[Short web captions]

* * * * * * *

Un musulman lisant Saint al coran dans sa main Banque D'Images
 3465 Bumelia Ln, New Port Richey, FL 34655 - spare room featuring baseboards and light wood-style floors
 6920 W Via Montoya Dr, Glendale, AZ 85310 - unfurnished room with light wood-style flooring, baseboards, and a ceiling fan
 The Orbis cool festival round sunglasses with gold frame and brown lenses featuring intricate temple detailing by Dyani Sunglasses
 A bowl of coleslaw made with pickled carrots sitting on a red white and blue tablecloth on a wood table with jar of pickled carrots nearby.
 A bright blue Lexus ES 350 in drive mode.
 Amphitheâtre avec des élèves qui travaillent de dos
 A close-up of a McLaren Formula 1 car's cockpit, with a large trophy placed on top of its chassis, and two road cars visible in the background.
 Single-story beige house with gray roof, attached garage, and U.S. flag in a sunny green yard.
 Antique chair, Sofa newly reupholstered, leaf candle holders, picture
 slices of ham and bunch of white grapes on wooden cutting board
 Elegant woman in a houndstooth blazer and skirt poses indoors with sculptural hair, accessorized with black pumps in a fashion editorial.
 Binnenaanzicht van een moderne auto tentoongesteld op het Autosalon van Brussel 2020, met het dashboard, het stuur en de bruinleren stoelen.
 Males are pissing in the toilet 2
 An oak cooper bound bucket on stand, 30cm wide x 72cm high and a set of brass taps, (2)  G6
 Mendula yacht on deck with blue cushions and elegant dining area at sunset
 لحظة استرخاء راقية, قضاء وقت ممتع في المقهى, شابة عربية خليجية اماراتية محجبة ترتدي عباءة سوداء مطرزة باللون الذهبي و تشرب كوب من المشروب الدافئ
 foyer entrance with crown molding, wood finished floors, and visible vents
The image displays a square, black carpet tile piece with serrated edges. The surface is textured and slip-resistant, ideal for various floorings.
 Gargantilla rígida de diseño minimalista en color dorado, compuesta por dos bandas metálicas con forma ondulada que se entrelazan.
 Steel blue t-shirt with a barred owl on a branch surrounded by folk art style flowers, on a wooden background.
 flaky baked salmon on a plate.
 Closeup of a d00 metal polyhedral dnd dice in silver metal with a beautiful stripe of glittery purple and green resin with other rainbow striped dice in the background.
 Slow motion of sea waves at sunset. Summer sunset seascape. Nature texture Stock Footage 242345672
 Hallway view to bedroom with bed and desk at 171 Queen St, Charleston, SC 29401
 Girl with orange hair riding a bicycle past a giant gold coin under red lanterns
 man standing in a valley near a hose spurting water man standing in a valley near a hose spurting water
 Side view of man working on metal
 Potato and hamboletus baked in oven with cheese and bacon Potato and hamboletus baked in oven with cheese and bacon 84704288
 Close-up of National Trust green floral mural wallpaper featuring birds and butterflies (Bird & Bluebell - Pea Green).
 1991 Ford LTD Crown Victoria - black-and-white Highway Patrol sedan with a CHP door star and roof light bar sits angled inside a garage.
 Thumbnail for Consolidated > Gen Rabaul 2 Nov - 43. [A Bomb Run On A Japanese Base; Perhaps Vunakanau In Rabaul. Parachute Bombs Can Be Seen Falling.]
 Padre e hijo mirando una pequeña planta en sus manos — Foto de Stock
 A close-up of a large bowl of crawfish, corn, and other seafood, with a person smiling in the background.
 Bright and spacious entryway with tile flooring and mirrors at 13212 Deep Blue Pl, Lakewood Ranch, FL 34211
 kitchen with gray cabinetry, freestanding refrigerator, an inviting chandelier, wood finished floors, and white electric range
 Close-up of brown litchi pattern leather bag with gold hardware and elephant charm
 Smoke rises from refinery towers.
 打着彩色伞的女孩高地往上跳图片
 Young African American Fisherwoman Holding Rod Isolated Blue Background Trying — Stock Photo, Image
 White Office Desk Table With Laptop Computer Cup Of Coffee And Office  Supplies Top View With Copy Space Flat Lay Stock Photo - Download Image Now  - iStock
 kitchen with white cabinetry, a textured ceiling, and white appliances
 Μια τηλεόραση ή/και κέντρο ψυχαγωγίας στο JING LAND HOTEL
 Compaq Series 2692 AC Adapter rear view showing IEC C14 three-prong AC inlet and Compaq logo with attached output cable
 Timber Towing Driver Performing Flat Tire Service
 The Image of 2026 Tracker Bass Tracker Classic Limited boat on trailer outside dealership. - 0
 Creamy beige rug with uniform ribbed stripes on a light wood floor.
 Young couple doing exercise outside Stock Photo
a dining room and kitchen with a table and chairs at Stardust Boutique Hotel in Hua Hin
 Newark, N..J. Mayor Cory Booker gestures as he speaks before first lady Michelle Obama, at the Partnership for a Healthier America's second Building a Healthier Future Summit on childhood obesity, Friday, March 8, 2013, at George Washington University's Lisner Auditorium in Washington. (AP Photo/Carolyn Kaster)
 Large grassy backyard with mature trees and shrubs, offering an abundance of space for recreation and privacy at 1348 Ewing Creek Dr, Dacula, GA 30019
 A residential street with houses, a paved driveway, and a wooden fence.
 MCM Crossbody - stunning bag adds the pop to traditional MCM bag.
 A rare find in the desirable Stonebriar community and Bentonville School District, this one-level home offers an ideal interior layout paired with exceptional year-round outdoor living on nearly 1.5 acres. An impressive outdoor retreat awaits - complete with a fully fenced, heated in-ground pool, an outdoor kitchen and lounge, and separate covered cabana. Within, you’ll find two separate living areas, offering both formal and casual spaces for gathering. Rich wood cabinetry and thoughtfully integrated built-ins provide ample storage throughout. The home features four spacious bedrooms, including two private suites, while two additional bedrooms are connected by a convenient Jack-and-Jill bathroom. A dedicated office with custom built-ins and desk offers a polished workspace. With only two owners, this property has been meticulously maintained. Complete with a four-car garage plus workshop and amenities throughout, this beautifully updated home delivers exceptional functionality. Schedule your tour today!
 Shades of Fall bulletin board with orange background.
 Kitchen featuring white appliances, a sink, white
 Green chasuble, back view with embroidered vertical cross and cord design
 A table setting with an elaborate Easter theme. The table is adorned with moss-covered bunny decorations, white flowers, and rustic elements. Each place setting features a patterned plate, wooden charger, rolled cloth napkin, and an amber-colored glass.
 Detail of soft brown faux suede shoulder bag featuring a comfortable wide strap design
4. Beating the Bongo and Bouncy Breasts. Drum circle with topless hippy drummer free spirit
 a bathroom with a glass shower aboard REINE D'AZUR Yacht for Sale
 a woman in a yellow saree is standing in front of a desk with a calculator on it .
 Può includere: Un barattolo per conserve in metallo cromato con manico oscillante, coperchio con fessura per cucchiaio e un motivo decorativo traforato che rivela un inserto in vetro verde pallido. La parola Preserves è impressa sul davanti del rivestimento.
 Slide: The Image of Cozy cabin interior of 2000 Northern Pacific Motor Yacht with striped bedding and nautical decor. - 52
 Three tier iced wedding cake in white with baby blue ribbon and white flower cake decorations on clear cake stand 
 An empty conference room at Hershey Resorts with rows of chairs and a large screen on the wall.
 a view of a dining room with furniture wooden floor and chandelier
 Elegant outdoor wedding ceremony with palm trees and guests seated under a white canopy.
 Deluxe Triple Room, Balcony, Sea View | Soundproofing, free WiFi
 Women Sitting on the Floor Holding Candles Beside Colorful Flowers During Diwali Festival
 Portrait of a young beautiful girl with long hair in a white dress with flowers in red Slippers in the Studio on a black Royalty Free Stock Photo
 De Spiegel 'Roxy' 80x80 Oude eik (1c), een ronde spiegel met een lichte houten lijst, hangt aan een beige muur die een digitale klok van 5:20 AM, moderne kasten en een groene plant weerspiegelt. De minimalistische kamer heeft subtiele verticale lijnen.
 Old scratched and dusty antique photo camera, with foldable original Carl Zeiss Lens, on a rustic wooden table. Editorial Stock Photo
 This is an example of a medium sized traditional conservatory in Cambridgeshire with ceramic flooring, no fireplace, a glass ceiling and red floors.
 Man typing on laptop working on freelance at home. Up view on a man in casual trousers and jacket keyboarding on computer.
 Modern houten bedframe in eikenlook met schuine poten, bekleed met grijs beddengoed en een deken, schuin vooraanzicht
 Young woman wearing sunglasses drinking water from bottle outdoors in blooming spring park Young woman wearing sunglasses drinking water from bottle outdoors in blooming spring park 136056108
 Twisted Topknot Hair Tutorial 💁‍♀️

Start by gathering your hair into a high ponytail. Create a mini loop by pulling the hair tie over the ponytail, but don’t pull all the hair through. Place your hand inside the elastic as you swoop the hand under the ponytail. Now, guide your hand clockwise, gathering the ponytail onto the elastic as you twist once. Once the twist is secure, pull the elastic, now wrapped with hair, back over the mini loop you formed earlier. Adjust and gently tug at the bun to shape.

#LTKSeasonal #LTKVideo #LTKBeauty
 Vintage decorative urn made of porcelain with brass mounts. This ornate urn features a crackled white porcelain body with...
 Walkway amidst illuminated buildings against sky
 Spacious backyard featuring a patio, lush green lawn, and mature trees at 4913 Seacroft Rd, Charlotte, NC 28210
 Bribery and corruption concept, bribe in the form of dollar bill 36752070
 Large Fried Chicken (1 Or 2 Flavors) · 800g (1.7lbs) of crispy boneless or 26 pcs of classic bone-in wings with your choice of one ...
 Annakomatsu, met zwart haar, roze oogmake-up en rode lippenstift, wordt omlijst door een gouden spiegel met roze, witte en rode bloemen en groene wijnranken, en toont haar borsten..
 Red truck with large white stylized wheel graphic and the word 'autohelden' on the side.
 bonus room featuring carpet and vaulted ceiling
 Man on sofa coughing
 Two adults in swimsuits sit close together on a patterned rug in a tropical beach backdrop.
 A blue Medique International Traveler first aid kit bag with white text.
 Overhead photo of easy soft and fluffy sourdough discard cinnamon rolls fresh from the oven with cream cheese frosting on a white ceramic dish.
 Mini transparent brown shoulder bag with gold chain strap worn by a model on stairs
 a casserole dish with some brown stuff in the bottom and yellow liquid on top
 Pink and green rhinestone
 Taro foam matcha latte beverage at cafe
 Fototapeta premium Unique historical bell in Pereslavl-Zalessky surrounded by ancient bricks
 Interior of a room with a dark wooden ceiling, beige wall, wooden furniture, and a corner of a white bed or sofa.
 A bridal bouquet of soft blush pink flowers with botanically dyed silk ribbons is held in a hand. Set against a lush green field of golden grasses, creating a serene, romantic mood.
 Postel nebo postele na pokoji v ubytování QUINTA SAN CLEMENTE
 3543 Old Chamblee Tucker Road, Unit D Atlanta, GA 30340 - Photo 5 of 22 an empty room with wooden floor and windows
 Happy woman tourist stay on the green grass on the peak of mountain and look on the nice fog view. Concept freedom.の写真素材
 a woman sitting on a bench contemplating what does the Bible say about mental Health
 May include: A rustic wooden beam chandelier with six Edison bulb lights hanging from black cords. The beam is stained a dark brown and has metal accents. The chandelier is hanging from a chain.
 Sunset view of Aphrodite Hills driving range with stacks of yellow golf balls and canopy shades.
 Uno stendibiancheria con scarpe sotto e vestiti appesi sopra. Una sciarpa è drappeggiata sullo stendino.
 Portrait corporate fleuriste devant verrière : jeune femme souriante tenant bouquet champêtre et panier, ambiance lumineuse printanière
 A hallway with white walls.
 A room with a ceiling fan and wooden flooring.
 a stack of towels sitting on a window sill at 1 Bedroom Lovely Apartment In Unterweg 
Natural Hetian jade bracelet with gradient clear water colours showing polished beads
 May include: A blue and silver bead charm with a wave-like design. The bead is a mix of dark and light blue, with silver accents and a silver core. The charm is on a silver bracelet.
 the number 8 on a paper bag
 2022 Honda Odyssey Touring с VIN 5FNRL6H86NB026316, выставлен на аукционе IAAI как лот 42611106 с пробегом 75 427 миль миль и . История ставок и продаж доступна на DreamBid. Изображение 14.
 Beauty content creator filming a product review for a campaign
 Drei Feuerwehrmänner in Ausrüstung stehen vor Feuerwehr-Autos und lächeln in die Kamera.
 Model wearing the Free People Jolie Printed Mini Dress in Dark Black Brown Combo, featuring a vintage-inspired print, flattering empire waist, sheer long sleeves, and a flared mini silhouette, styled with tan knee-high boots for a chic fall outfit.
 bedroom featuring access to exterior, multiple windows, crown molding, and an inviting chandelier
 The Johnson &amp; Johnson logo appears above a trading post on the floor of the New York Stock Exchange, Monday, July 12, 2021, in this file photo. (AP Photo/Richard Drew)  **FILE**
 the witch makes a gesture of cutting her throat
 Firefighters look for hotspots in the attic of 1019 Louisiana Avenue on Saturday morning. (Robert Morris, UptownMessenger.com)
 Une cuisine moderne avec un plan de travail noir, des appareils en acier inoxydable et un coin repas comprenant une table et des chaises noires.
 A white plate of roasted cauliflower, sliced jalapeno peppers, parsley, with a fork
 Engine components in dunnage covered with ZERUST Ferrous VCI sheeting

* * * * * * *

THE TASK: Transcribe exactly, and only, the lines from the opening line of the records through the line containing "A bowl of coleslaw".

TASK RESPONSE:
Un musulman lisant Saint al coran dans sa main Banque D'Images
 3465 Bumelia Ln, New Port Richey, FL 34655 - spare room featuring baseboards and light wood-style floors
 6920 W Via Montoya Dr, Glendale, AZ 85310 - unfurnished room with light wood-style flooring, baseboards, and a ceiling fan
 The Orbis cool festival round sunglasses with gold frame and brown lenses featuring intricate temple detailing by Dyani Sunglasses
 A bowl of coleslaw made with pickled carrots sitting on a red white and blue tablecloth on a wood table with jar of pickled carrots nearby.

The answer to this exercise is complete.